_Records shown:_
────────

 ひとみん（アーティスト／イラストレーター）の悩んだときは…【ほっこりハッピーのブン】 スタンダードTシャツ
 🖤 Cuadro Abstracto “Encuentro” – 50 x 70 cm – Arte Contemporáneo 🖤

────────

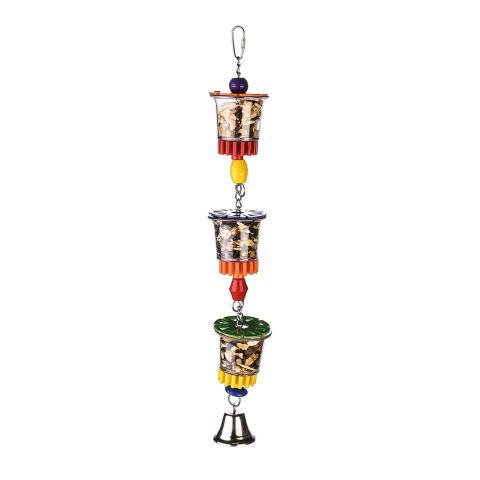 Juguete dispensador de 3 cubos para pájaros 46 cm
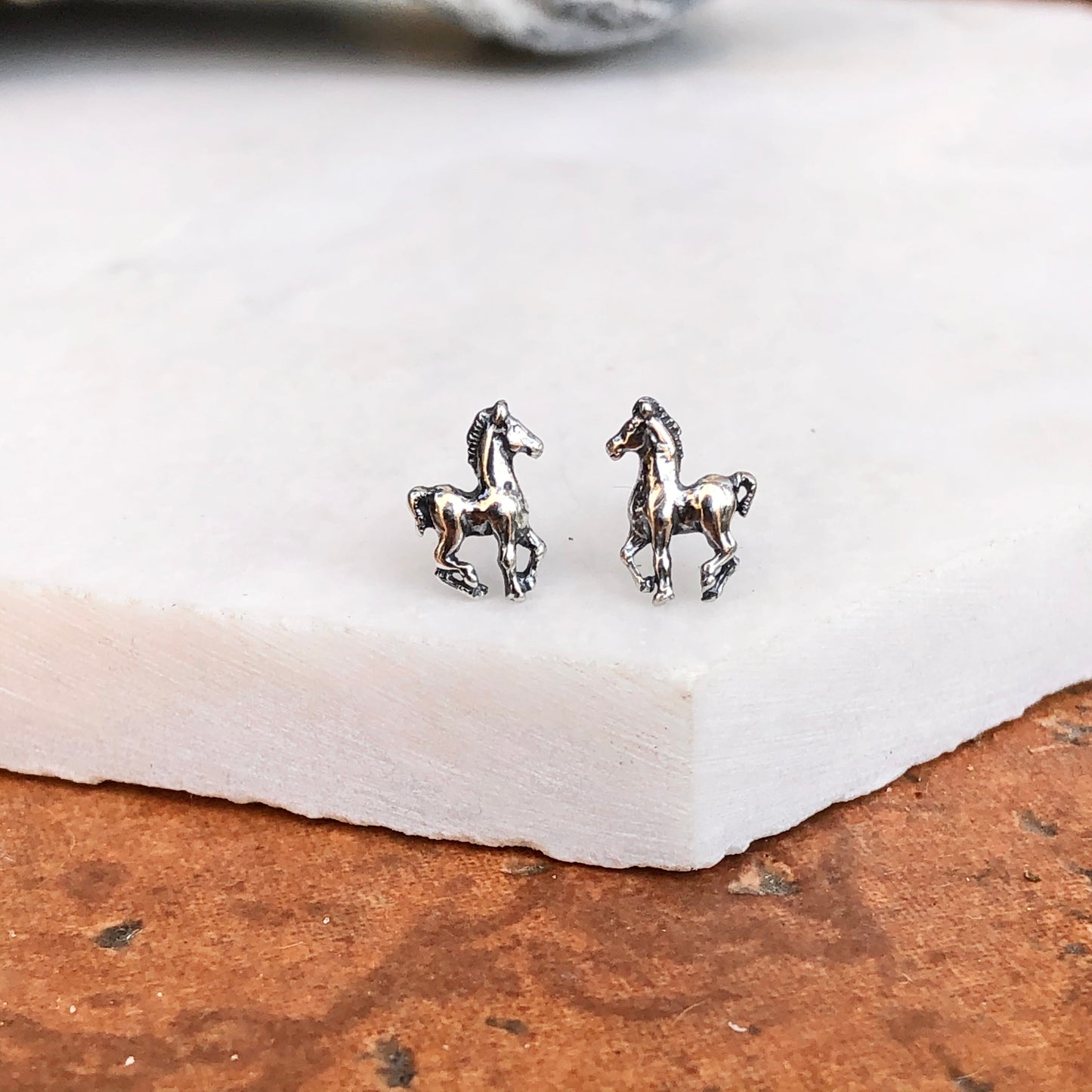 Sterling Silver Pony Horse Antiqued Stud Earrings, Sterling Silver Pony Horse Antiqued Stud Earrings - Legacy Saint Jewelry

────────

_Required action:_ Give the exact lines, and only those, from the line containing "ひとみん（アーティスト／イラ" through the line containing "Arte Contemporáneo 🖤" in the entries above.

_Exercise response:_
 ひとみん（アーティスト／イラストレーター）の悩んだときは…【ほっこりハッピーのブン】 スタンダードTシャツ
 🖤 Cuadro Abstracto “Encuentro” – 50 x 70 cm – Arte Contemporáneo 🖤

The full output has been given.